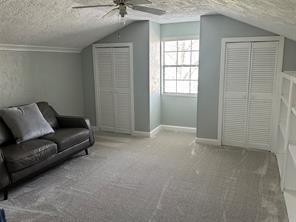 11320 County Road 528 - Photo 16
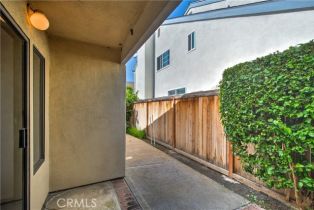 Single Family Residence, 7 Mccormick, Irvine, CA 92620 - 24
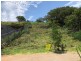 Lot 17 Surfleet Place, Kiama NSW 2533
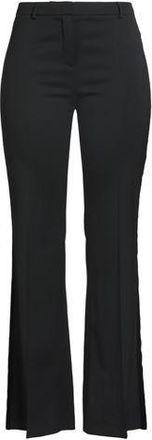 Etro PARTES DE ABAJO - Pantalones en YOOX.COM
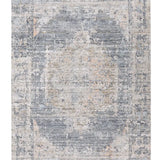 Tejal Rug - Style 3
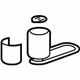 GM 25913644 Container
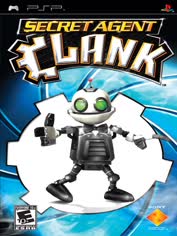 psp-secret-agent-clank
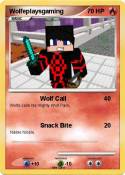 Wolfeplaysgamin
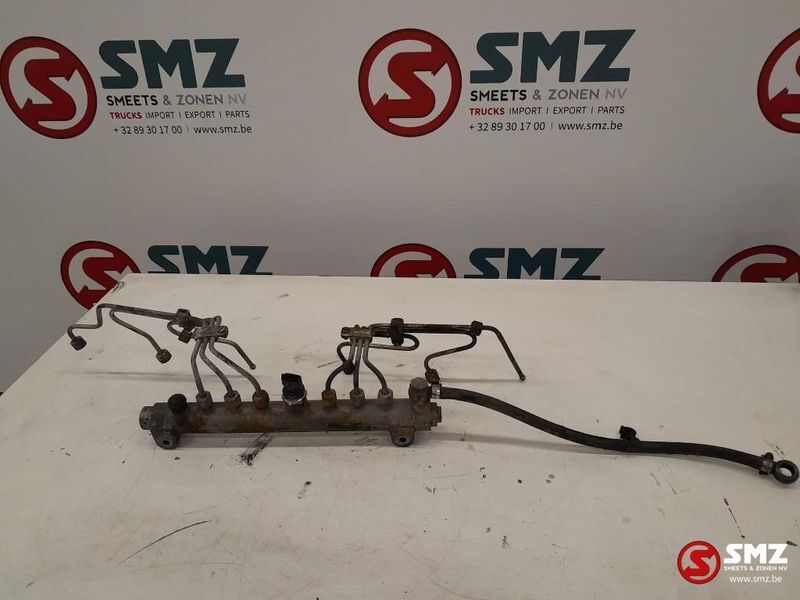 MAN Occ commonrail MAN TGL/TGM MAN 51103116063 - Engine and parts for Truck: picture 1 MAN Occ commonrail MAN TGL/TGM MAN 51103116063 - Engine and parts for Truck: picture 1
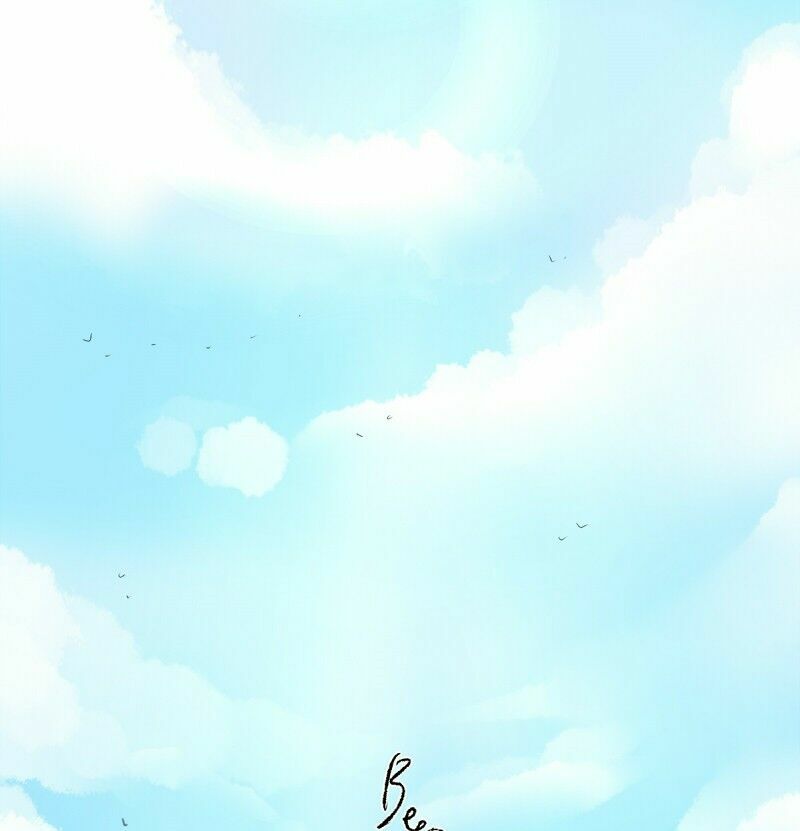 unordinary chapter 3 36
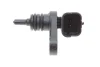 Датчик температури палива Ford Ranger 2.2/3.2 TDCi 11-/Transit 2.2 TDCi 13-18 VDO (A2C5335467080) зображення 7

================================

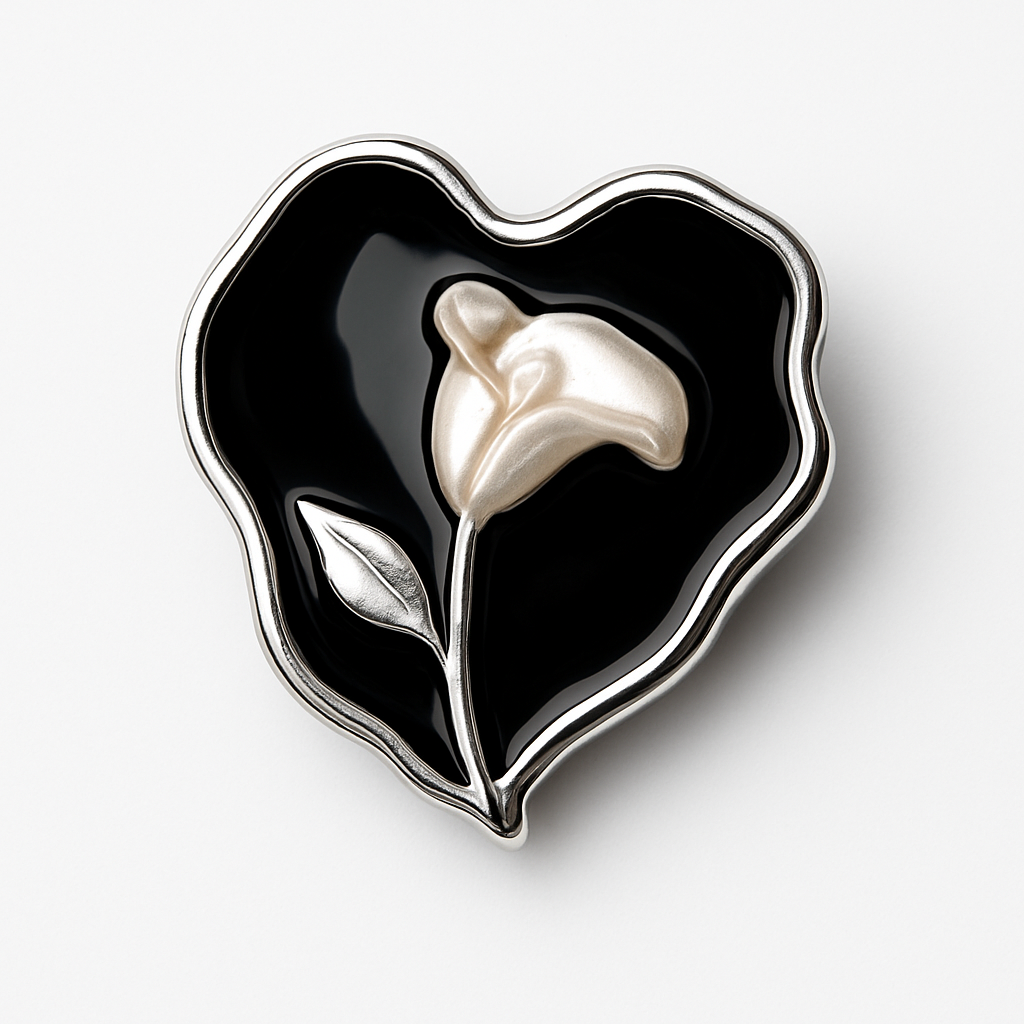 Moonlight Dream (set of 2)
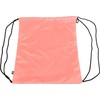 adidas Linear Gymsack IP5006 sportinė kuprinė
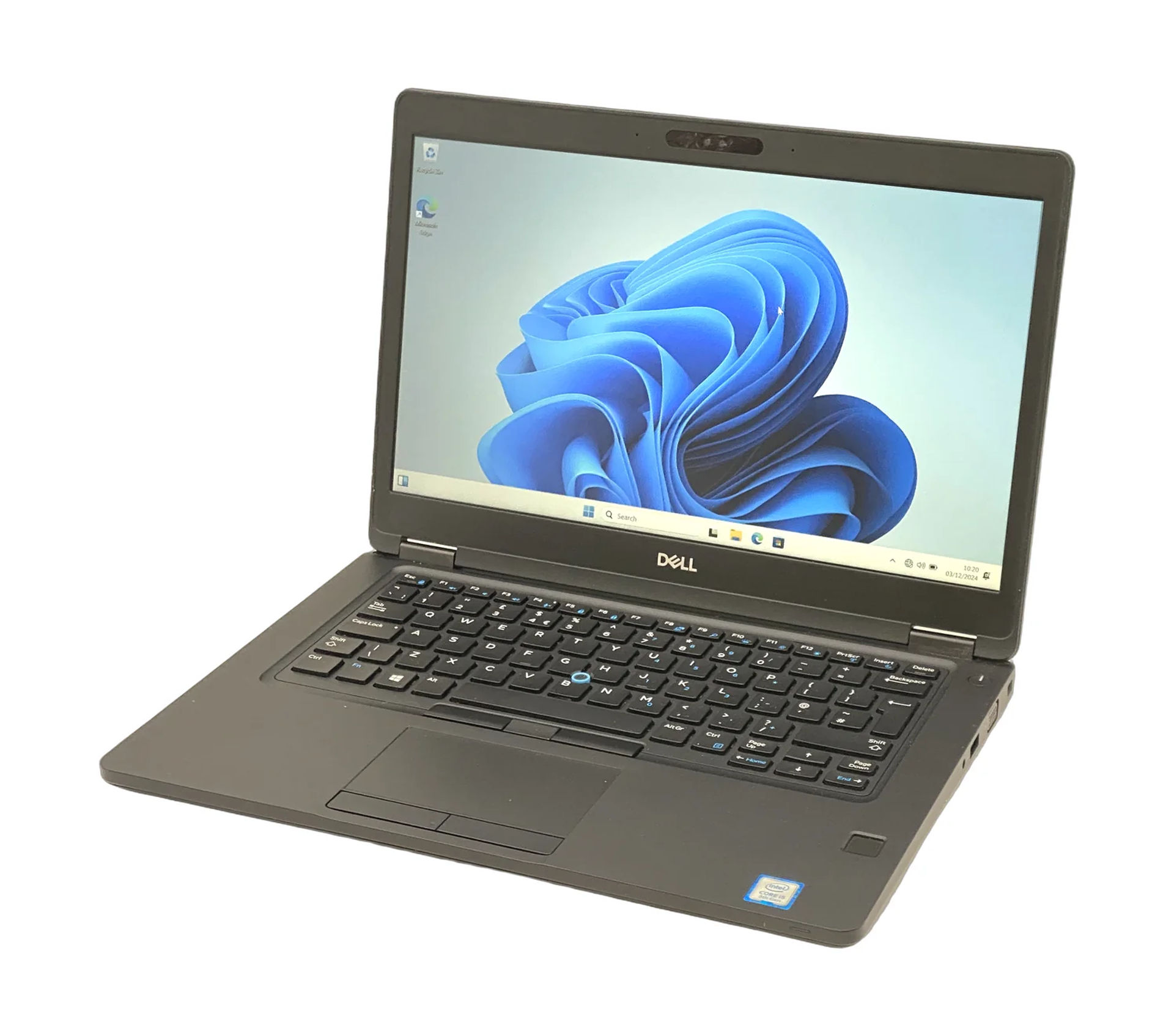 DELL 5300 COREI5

================================

*EXERCISE DIRECTIONS*:
Output only the stretch above from the line with "Wolfeplaysgamin" through the line with "Датчик температури палива", reproduced exactly. Exclude pictures.

*SOLUTION FOR THIS EXERCISE*:
 Wolfeplaysgamin
 MAN Occ commonrail MAN TGL/TGM MAN 51103116063 - Engine and parts for Truck: picture 1 MAN Occ commonrail MAN TGL/TGM MAN 51103116063 - Engine and parts for Truck: picture 1
 unordinary chapter 3 36
 Датчик температури палива Ford Ranger 2.2/3.2 TDCi 11-/Transit 2.2 TDCi 13-18 VDO (A2C5335467080) зображення 7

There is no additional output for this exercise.